PROVIDED DATA:
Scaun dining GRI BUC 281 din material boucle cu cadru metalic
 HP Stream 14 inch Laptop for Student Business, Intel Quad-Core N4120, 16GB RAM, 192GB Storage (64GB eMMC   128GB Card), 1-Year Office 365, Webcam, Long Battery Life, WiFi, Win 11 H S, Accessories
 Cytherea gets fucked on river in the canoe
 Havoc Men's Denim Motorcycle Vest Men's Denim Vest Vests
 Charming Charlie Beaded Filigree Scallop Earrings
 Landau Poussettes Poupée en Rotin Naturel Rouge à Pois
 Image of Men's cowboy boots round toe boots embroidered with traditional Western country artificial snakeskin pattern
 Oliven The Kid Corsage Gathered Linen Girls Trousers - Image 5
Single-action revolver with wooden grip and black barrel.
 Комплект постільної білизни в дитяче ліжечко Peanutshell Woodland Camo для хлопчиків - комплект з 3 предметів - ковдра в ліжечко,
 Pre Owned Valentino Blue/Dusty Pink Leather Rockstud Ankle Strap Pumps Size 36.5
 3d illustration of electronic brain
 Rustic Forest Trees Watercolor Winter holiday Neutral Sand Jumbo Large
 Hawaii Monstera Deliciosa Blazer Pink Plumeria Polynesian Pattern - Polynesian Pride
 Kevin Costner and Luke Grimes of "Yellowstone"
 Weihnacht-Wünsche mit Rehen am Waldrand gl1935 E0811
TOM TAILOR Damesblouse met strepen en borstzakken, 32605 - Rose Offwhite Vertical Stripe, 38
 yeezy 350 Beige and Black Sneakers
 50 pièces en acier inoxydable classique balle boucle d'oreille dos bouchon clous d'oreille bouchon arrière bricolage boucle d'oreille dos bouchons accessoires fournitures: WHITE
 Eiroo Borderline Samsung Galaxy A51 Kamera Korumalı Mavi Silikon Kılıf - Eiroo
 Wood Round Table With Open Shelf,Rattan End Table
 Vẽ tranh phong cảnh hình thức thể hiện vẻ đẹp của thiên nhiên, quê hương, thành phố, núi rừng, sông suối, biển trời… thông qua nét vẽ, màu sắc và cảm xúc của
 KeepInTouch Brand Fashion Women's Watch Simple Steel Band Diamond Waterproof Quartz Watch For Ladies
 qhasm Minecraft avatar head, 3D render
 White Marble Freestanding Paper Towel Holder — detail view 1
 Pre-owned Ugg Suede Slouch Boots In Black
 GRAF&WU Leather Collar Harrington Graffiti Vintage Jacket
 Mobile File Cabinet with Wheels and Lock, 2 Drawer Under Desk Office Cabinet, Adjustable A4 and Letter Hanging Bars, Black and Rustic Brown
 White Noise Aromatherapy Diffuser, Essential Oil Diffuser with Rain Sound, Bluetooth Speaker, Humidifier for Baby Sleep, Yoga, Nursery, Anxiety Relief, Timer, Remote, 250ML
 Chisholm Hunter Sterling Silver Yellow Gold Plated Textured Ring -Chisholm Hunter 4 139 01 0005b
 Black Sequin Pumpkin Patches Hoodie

EXERCISE AIM: Reproduce verbatim the lines above, from the line with "Charming Charlie Beaded" through the line with "Single-action revolver with".

WRITTEN SOLUTION:
 Charming Charlie Beaded Filigree Scallop Earrings
 Landau Poussettes Poupée en Rotin Naturel Rouge à Pois
 Image of Men's cowboy boots round toe boots embroidered with traditional Western country artificial snakeskin pattern
 Oliven The Kid Corsage Gathered Linen Girls Trousers - Image 5
Single-action revolver with wooden grip and black barrel.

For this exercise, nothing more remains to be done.